И тут же вновь обратился к Бутакову:
- Григорий Иванович! Нельзя ли поторопиться с развязкой! Этак мы на помощь к Павлу Степановичу не успеем!
Командир пароходофрегата обернулся:
- Думаю, еще пару‑тройку хороших залпов и турок будет наш!
- Хорошо, – кивнул вице‑адмирал. – Вы капитан, вы и командуйте боем дальше!
Сойдясь борт в борт, противники перешли на картечь. Падали убитые и раненые, но Бутаков упорно гнал "Перваз‑Бахри" перед собой, по‑прежнему поражая его из всех орудий.
Около полудня точным попаданием с "Владимира" был тяжело ранен капитан египетского парохода. С мостика русского судна видели, как он пытался подняться на ноги. В это время новое ядро полностью снесло капитанский мостик "Перваз‑Бахри". Надо отдать должное капитану‑египтянину, который дрался со всей отважностью.
С гибелью своего капитана турки практически прекратили сопротивление. Два других офицера, как выяснилось, погибли еще раньше. Теперь турки помышляли лишь о бегстве. Бой вступил в заключительную фазу.
О финале боя вице‑адмирал Корнилов писал в своем донесении: "В 13.45 мы были уже от него на расстоянии не более кабельтова и действовали несколько минут носовыми орудиями – все наши ядра ложились в корпус парохода, – потом, положив "вдруг влево", легли на параллель ему на пистолетный выстрел и сделали залп, причем он спустил флаг и остановил машину. А мы пробили "дробь"".
На "Перваз‑Бахри" поползло вверх Андреевское полотнище. Увидев это, Григорий Бутаков выхватил саблю:
- Ребята, там поднимают русский флаг! Спасибо за службу!
Матросы ответили дружным "ура".
Общие потери противника были за сорок человек. Наши составили три матроса и лейтенант Железнов.
Офицер "Владимира" Виктор Борятинский так отметил эти незабываемые минуты в своем дневнике: "Мы тогда были совсем близко от неприятеля, и я, к великому удивлению, вижу турок. Сидящих на палубе и курящих трубки среди трупов… Мы посылаем сперва туда легкую шлюпку с лейтенантом Ильинским, чтобы овладеть пароходом, а потом два баркаса для своза к нам пленных. Первый турок, поднявшийся к нам на "Владимир", кажется, полагал, что ему отрубят голову. Лицо его выражает смертельный испуг, но и покорность судьбе.

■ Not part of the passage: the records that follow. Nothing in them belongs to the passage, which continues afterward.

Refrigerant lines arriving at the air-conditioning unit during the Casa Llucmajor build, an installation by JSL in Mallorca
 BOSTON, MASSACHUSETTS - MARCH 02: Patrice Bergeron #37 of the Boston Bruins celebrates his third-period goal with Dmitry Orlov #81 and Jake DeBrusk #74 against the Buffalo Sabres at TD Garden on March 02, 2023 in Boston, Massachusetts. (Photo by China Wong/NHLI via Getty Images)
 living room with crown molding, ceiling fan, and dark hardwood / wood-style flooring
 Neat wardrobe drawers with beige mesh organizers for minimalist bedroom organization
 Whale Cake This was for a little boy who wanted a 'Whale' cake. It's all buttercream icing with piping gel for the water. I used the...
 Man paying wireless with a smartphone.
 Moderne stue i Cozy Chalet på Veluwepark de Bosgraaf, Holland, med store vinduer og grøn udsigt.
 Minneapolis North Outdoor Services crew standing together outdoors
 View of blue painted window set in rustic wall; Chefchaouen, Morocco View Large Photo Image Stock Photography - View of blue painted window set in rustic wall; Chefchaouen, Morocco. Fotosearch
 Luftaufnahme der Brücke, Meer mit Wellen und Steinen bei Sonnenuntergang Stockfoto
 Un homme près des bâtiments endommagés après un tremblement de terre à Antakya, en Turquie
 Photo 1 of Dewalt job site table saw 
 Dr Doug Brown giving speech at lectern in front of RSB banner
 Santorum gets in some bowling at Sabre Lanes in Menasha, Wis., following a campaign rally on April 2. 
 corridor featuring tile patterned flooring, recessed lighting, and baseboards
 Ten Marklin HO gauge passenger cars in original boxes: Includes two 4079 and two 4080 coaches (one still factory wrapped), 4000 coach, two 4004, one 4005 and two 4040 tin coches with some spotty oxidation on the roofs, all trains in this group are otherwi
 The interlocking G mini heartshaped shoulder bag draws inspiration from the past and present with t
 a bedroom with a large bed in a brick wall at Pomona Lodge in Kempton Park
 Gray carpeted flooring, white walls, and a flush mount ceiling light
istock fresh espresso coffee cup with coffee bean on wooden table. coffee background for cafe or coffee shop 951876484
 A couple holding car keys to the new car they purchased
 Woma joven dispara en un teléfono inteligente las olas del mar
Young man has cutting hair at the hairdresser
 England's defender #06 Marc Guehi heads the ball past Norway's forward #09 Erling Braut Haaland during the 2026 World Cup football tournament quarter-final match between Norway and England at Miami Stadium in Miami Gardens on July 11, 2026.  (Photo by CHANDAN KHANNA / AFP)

Наш командир Бутаков, хорошо знающий турок, их успокаивает, отводит отдельную каюту офицерам… остальную турецкую команду на бак".
Из воспоминаний капитан‑лейтенанта Бутакова: "В несколько секунд пролетевшей сквозь дымовую трубу, а потом между мной и адмиралом картечной пулей убило на кожуховой лодке адъютанта его Железнова в грудь навылет; под ногами моими, под площадкой, упал простреленный в голову картечью горнист, у носовой пушки тяжело ранило в голову командора, и на юте еще двух. В то же время упал на площадке гонимого парохода, простреленный в бок, капитан его, но скоро опять поднялся. Новые выстрелы освирепелых при виде крови матросов наших и – вскоре неприятельский капитан скрылся, раненный второй пулей, а вслед за ним опрокинуло ядром площадку, на которой он так храбро распоряжался. Еще несколько ядер в расстоянии 50 саж., и неприятельский огонь прекратился, а вслед за тем и наш. Машины остановились, и вышедший на ют старик лоцман спустил свой флаг при восторженных "ура" нашей команды. Кроме лоцмана, не было в этот момент никого на палубе; но затем начали показываться из фор‑люка команда и офицеры. Я закричал, чтобы командир приехал, но лоцман ответил, что он убит и шлюпки нет.